## Exercise instructions
Every line below from the one with "Jim Brown Signed" through the one with "Suknja-hlače s džepovima" should be retyped exactly, both ends included; no other lines and no pictures.

## Recorded information
---
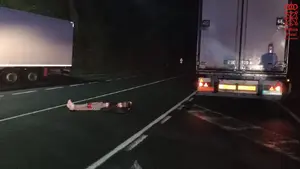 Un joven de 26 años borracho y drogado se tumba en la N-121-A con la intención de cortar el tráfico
---
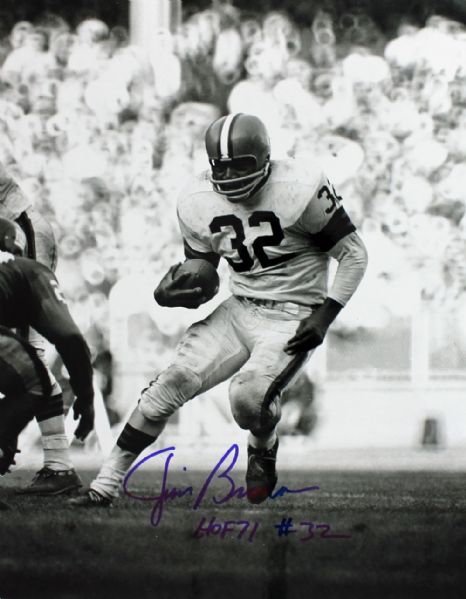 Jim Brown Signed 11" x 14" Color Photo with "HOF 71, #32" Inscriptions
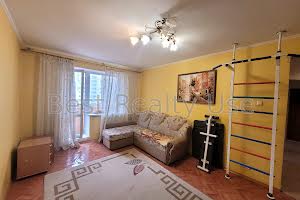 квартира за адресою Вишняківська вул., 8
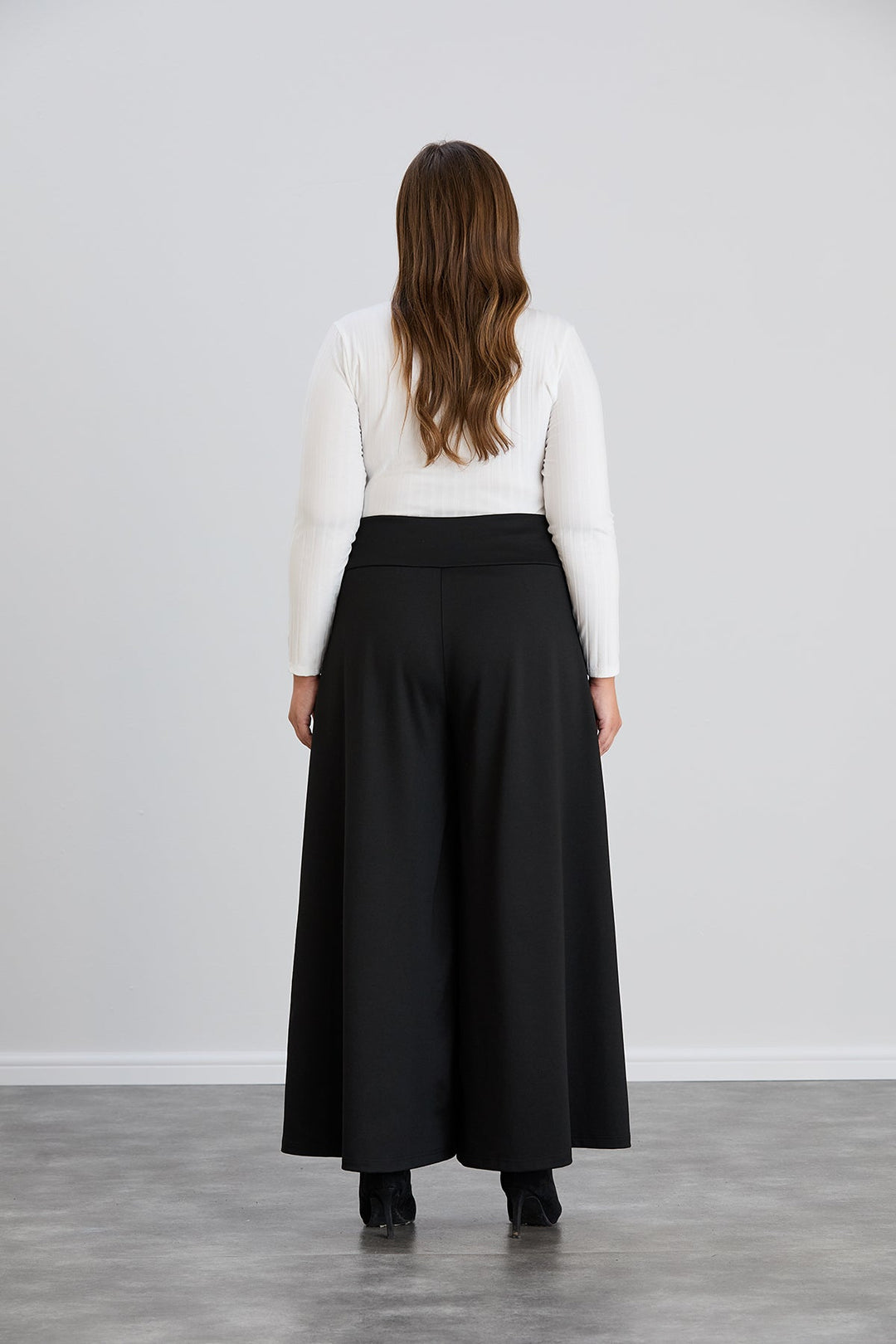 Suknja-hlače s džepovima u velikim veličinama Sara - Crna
---
## Response to the task
 Jim Brown Signed 11" x 14" Color Photo with "HOF 71, #32" Inscriptions
 квартира за адресою Вишняківська вул., 8
 Suknja-hlače s džepovima u velikim veličinama Sara - Crna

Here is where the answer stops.